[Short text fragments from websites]
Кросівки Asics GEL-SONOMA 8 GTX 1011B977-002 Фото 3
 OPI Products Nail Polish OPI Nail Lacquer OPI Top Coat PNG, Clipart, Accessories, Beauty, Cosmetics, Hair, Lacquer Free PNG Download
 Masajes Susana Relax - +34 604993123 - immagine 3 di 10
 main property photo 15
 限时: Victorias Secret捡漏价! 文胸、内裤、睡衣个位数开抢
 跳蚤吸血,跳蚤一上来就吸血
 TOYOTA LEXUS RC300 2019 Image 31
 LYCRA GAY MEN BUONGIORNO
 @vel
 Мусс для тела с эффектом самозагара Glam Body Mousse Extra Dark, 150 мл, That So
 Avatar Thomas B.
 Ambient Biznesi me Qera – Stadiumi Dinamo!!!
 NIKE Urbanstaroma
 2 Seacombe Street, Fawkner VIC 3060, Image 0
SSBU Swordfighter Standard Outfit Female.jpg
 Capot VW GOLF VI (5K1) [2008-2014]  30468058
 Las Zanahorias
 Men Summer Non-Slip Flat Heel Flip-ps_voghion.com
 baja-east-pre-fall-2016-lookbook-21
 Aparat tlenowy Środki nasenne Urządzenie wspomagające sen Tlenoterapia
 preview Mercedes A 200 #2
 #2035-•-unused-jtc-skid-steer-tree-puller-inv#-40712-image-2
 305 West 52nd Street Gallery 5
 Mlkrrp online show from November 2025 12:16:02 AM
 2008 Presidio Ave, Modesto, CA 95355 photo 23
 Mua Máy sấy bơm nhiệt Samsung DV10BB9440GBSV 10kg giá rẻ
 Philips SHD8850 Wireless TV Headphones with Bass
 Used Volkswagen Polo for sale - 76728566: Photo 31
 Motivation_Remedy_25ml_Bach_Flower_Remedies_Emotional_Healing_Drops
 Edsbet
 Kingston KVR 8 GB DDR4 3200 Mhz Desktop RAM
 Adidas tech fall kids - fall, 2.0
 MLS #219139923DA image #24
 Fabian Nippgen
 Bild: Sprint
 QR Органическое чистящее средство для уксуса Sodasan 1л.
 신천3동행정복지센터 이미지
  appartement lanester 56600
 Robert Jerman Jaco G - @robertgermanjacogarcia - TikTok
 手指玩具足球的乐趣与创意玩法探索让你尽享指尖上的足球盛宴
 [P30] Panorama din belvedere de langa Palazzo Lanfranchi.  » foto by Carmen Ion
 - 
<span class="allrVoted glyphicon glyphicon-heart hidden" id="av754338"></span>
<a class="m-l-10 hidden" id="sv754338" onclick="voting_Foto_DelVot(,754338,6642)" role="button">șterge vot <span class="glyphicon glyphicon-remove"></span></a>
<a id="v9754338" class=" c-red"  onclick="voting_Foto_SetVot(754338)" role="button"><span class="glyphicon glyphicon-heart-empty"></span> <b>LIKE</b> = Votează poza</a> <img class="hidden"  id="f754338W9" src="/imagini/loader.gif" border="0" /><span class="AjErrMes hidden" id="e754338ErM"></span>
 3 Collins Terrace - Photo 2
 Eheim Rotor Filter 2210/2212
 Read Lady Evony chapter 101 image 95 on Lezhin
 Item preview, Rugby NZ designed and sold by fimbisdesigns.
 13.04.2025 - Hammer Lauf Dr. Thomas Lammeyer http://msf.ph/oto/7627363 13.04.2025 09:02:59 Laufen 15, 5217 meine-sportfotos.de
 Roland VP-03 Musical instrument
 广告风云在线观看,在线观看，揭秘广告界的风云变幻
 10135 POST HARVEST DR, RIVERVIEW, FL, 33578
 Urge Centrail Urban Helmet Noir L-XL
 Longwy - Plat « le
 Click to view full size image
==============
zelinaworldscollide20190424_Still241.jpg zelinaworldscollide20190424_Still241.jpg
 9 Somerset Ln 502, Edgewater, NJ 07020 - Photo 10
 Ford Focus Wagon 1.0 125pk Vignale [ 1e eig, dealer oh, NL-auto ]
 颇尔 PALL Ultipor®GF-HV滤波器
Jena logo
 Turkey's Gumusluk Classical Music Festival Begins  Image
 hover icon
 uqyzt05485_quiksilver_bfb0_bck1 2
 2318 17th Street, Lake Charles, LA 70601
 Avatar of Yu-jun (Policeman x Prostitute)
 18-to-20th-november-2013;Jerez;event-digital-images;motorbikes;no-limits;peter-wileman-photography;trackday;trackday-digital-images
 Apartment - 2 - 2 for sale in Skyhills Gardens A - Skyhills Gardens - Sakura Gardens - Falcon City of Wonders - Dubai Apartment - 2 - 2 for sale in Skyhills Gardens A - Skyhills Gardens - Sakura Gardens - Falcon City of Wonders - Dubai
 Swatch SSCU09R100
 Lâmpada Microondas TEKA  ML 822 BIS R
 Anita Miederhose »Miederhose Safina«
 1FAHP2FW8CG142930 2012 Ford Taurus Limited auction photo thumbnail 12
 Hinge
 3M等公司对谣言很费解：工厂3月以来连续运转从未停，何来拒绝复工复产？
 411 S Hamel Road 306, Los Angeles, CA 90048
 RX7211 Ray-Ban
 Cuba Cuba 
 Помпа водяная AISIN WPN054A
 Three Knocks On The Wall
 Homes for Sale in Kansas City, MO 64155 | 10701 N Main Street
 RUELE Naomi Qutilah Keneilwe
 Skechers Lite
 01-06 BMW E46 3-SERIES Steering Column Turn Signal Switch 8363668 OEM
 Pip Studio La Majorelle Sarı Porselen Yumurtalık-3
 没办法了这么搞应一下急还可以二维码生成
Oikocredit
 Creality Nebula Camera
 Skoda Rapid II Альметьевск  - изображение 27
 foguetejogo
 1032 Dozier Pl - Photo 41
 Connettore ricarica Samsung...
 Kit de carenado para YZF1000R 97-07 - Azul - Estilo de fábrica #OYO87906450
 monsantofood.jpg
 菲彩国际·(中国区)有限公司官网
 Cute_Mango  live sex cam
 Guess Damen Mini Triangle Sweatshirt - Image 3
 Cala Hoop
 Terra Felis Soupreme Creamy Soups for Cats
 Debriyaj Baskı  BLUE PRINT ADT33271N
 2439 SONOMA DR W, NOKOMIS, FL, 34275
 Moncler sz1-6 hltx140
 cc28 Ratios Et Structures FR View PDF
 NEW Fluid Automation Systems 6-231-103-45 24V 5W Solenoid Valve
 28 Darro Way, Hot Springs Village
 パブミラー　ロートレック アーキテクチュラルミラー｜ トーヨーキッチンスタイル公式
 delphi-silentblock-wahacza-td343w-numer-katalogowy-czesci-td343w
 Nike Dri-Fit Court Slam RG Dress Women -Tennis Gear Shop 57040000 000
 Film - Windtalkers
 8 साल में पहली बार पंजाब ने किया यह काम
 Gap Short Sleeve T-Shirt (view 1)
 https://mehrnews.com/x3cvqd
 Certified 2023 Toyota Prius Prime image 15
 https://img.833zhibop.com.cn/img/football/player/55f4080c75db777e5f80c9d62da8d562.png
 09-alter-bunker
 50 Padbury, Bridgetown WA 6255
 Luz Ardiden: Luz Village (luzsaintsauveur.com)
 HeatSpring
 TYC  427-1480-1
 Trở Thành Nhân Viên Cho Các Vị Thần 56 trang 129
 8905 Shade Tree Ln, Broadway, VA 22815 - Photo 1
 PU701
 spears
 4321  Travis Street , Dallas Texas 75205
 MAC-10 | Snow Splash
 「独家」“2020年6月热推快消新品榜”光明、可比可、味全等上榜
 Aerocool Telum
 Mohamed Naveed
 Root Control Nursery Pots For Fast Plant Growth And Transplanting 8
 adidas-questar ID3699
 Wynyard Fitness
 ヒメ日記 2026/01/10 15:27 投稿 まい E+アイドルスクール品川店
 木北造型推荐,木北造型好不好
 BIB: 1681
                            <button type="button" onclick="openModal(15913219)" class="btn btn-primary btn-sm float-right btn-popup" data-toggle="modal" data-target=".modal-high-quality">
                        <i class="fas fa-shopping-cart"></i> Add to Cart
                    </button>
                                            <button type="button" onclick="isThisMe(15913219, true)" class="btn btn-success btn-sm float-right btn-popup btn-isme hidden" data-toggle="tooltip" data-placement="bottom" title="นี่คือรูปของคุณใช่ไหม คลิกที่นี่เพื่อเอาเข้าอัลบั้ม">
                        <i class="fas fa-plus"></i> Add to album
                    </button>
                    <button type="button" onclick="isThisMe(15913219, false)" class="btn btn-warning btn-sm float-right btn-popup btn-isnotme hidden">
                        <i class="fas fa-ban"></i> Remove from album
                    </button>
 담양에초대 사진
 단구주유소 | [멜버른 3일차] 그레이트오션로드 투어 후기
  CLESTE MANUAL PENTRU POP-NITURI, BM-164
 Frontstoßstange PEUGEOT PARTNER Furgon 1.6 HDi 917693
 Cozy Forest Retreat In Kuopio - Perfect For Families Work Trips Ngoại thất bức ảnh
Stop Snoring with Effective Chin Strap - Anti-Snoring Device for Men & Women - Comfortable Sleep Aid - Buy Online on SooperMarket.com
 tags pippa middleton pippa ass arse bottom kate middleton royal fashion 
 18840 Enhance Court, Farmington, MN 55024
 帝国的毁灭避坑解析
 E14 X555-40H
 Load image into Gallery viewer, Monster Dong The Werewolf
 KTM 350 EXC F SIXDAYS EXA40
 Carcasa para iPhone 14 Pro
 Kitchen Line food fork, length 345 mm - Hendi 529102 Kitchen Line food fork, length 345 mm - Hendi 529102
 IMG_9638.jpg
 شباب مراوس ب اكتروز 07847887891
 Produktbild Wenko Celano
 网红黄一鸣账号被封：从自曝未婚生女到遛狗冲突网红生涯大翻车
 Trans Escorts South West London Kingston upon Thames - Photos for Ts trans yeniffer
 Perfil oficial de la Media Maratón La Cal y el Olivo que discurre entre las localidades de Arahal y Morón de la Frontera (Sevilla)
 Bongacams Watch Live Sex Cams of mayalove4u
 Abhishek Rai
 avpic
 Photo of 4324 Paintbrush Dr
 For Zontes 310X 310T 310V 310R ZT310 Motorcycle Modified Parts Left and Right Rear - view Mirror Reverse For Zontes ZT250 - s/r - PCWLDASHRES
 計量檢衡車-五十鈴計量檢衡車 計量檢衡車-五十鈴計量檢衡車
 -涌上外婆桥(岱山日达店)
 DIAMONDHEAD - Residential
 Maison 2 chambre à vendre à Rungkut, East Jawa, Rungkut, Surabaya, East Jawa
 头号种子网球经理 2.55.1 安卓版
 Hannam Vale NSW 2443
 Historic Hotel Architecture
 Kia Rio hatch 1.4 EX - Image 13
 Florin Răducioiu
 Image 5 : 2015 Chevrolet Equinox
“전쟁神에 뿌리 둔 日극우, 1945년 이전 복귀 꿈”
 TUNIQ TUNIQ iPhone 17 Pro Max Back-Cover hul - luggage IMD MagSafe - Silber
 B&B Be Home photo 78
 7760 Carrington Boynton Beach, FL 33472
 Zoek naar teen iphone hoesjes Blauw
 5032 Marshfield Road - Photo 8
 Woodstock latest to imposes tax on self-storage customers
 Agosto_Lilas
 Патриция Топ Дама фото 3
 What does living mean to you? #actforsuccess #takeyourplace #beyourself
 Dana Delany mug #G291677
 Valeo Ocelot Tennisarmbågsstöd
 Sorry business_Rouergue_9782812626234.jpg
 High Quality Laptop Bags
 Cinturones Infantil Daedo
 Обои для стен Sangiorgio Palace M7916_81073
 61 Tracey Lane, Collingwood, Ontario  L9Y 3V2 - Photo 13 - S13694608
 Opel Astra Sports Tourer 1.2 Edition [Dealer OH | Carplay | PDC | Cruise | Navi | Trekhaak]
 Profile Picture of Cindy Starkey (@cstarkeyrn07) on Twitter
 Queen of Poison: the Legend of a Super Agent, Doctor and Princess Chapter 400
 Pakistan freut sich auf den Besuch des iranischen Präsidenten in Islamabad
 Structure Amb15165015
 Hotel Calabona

Task requirements | The count, and nothing else: how many lines of the entries contain the word "Court"?

Written solution | 2